An audio chat moderation workflow could be initiated by a user reporting other users on a gaming platform for policy violations such as profanity, hate speech, or harassment. This represents a passive approach to audio moderation. The system records all audio conversations without immediate analysis. When a report is received, the workflow retrieves the related audio files and initiates the analysis process. A human moderator then reviews the reported conversation, investigating its content to determine if it violates platform policy.

Workflow diagram

Alternatively, the workflow could be triggered proactively. For instance, in a social audio chat room, the system could record all conversations and apply analysis.

Audio moderation workflow

Both passive and proactive approaches can trigger the following pipeline for audio analysis.

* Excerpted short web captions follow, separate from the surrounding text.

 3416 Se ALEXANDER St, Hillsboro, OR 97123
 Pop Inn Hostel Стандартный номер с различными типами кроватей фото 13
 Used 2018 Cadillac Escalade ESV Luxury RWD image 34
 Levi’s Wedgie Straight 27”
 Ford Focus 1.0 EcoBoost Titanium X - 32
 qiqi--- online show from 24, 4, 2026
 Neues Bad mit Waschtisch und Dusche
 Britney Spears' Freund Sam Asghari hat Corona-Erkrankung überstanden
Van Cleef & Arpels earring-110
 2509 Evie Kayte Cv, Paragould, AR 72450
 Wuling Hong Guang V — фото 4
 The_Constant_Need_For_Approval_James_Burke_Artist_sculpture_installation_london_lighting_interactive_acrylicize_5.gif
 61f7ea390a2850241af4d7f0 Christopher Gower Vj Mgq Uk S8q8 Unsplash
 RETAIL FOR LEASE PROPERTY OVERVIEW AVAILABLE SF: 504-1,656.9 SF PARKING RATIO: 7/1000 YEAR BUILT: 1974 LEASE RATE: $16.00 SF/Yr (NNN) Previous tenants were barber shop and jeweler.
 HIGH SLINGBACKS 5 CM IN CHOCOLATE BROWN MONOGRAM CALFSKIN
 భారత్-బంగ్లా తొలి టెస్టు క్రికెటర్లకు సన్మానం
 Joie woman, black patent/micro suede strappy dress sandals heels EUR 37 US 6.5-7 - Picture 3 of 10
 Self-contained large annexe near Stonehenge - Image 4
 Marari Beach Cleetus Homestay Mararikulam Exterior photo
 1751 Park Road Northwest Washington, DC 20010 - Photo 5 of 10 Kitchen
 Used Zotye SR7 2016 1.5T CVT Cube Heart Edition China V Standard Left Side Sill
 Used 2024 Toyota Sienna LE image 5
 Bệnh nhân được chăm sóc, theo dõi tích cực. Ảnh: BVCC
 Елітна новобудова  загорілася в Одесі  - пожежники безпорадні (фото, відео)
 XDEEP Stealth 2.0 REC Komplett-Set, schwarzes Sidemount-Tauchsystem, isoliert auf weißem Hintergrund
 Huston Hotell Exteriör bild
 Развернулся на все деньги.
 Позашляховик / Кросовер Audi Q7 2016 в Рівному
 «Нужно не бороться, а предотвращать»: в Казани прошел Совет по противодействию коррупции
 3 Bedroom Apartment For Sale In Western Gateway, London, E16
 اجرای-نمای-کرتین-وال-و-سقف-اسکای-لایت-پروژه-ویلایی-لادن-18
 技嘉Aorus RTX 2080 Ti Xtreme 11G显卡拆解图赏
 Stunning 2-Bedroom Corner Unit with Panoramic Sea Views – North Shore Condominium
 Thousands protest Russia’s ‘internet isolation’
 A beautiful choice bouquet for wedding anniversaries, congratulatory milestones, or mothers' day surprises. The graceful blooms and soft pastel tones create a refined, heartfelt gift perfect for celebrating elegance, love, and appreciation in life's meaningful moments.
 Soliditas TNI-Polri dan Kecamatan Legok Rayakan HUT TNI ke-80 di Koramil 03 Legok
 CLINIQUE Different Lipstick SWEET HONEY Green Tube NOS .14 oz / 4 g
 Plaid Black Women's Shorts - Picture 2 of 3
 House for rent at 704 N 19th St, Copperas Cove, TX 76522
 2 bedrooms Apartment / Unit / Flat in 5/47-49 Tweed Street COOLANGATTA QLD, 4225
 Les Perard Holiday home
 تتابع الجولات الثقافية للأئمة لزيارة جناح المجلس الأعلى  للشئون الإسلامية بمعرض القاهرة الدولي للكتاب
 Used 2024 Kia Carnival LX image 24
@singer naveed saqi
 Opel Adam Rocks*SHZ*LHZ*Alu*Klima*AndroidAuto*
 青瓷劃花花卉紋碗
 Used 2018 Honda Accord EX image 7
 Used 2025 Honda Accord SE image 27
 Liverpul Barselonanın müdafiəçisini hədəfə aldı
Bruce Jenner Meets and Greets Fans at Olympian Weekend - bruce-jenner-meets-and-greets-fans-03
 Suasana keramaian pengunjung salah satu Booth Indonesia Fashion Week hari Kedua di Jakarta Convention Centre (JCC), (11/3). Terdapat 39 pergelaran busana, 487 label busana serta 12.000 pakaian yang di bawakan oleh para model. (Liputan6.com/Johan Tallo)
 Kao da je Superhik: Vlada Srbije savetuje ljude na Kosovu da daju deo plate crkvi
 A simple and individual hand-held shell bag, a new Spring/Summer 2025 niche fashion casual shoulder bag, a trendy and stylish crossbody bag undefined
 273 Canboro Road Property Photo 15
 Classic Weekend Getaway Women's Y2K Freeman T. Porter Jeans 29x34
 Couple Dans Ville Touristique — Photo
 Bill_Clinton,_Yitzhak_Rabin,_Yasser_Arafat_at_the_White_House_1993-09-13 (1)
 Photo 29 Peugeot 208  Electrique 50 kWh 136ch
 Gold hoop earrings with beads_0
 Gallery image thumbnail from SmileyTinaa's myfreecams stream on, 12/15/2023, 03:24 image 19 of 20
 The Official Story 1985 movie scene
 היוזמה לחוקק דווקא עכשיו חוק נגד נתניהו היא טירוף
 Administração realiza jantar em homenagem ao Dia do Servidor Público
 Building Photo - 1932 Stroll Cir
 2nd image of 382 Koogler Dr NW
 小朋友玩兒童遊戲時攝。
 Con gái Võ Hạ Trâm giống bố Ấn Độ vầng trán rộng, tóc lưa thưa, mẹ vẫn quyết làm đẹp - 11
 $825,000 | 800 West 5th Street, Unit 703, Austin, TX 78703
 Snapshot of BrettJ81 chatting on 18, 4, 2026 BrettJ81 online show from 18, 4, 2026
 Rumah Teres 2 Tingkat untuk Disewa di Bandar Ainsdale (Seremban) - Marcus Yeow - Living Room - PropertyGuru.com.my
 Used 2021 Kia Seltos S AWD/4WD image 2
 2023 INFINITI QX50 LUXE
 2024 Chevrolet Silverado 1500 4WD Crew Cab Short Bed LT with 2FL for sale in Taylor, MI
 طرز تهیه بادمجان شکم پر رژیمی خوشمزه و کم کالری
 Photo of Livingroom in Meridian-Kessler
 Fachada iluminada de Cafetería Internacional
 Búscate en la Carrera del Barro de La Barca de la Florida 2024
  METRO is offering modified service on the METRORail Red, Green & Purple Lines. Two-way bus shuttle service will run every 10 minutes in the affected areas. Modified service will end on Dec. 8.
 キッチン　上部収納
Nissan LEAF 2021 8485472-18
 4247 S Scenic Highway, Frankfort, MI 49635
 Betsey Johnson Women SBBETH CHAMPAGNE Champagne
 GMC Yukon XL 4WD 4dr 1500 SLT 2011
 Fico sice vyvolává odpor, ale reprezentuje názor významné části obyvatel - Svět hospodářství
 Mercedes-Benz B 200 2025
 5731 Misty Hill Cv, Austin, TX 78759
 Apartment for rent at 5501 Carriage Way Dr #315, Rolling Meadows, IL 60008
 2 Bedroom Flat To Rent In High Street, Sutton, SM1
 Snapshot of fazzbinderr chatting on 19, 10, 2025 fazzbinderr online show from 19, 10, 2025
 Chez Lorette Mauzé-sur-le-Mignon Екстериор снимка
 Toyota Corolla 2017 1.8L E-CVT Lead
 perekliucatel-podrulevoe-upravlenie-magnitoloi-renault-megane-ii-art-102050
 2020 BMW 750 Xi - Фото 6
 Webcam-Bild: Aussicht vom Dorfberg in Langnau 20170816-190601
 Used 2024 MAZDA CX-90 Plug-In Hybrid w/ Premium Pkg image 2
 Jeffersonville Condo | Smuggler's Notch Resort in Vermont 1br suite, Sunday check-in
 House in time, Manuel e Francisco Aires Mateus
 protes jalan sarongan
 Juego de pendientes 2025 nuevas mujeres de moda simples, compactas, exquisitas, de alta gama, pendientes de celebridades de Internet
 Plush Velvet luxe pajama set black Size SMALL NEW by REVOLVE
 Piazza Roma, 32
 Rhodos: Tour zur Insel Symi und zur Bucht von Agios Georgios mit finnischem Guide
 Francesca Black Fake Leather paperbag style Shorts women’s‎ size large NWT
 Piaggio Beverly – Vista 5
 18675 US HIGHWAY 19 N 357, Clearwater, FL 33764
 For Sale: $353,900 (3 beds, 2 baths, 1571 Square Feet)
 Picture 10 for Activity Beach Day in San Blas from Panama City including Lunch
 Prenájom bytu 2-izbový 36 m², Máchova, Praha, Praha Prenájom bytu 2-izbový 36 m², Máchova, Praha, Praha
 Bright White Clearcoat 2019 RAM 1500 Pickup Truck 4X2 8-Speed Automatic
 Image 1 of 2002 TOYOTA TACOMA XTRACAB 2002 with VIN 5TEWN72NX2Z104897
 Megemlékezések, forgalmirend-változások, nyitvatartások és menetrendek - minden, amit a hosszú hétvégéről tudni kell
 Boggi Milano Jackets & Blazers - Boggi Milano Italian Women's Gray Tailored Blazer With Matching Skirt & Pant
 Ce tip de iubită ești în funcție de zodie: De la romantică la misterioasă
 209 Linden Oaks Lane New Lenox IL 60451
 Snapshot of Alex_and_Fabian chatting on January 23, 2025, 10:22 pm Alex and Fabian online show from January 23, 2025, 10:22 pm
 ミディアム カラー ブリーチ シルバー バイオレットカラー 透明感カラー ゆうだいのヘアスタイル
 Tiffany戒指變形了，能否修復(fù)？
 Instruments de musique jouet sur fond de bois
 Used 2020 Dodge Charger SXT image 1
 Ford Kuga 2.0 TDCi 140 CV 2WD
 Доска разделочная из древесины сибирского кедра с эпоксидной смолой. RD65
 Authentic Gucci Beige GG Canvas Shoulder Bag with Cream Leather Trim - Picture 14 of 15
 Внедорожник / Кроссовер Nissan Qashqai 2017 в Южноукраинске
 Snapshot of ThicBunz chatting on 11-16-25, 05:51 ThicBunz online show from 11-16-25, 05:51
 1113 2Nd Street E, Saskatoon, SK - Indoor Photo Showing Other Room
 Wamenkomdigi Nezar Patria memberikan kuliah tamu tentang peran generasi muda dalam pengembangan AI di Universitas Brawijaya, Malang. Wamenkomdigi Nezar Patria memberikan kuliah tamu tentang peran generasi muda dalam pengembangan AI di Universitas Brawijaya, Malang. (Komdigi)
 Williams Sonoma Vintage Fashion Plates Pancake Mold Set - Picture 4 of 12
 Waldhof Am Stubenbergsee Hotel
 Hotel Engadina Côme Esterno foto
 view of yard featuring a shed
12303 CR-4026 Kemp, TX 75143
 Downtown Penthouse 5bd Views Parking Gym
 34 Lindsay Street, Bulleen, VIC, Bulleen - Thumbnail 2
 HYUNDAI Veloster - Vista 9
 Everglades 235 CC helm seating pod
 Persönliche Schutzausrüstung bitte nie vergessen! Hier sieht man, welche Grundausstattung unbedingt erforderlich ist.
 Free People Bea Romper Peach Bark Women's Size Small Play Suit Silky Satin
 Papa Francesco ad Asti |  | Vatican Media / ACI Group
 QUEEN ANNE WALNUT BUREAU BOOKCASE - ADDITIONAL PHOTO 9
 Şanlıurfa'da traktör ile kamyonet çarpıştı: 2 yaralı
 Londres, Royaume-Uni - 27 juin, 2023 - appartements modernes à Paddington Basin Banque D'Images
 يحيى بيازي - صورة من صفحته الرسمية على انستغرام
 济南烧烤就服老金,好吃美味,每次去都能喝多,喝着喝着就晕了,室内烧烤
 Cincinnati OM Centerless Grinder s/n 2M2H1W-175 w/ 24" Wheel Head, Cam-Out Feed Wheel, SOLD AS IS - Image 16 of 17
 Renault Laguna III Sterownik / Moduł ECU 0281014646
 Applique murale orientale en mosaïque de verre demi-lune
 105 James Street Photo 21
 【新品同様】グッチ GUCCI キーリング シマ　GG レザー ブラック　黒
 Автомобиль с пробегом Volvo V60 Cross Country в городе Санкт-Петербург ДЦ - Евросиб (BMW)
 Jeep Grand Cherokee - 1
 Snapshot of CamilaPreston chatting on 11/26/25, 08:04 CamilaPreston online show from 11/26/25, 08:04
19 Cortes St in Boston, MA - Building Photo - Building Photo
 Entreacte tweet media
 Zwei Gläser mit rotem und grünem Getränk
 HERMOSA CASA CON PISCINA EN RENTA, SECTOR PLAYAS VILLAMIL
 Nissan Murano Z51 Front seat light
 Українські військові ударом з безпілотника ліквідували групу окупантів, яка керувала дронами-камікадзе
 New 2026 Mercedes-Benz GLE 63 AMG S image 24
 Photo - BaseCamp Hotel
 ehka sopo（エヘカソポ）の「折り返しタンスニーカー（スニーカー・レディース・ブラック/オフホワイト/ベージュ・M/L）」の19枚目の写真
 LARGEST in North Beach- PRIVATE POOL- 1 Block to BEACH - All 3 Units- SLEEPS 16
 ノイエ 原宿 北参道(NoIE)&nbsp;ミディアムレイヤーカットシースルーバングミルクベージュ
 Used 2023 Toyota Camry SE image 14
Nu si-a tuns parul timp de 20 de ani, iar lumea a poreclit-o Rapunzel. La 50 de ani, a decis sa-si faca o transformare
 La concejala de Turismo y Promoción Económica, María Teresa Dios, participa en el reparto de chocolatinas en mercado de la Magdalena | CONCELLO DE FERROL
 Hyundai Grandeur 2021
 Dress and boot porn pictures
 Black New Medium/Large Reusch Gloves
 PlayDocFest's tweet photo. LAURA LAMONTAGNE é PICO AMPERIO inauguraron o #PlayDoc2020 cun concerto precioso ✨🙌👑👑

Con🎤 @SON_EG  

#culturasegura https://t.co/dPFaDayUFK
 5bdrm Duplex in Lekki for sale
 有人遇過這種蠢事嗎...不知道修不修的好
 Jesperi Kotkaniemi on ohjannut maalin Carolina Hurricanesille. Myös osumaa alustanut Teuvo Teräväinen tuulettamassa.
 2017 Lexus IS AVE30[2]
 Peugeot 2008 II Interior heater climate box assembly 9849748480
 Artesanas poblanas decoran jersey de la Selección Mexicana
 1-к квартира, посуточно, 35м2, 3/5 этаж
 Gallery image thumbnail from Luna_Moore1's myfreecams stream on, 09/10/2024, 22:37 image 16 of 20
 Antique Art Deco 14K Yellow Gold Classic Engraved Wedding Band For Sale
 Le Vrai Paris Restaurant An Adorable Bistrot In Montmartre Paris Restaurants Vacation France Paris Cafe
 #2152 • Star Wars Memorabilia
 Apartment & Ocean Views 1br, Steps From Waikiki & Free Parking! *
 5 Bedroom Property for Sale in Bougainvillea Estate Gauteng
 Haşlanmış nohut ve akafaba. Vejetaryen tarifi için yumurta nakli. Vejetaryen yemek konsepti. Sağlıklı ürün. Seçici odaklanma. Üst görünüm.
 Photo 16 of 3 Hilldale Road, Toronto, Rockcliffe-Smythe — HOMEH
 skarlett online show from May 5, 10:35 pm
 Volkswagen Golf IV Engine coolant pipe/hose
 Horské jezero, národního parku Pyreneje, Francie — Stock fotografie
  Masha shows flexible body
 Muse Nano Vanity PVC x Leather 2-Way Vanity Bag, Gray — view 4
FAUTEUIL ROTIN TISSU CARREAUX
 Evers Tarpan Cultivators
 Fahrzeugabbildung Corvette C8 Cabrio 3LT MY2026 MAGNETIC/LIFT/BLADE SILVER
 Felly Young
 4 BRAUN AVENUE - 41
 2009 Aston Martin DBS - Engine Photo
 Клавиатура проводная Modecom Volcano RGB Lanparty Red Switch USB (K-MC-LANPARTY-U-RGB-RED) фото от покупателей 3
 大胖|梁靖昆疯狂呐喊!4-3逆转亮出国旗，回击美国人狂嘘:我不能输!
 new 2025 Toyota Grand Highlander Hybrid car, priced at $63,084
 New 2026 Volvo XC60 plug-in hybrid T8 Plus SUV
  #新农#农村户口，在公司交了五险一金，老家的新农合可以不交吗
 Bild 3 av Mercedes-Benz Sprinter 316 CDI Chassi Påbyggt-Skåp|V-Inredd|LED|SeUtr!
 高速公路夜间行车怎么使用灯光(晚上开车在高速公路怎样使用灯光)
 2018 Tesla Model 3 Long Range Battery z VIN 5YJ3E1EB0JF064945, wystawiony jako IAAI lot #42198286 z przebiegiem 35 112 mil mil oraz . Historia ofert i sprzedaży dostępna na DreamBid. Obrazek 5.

The audio moderation workflow involves the following steps:

  • The workflow begins with receiving the audio file and storing it on a Amazon Simple Storage Service (Amazon S3) bucket for Amazon Transcribe to access.
  • The Amazon Transcribe StartTranscriptionJob API is invoked with Toxicity Detection enabled. Amazon Transcribe converts the audio into text, providing additional information about toxicity analysis. For more information about toxicity analysis, refer to Flag harmful language in spoken conversations with Amazon Transcribe Toxicity Detection.
  • If the toxicity analysis returns a toxicity score exceeding a certain threshold (for example, 50%), we can use Knowledge Bases for Amazon Bedrock to evaluate the message against customized policies using LLMs.
  • The human moderator receives a detailed audio moderation report highlighting the conversation segments considered toxic and in violation of policy, allowing them to make an informed decision.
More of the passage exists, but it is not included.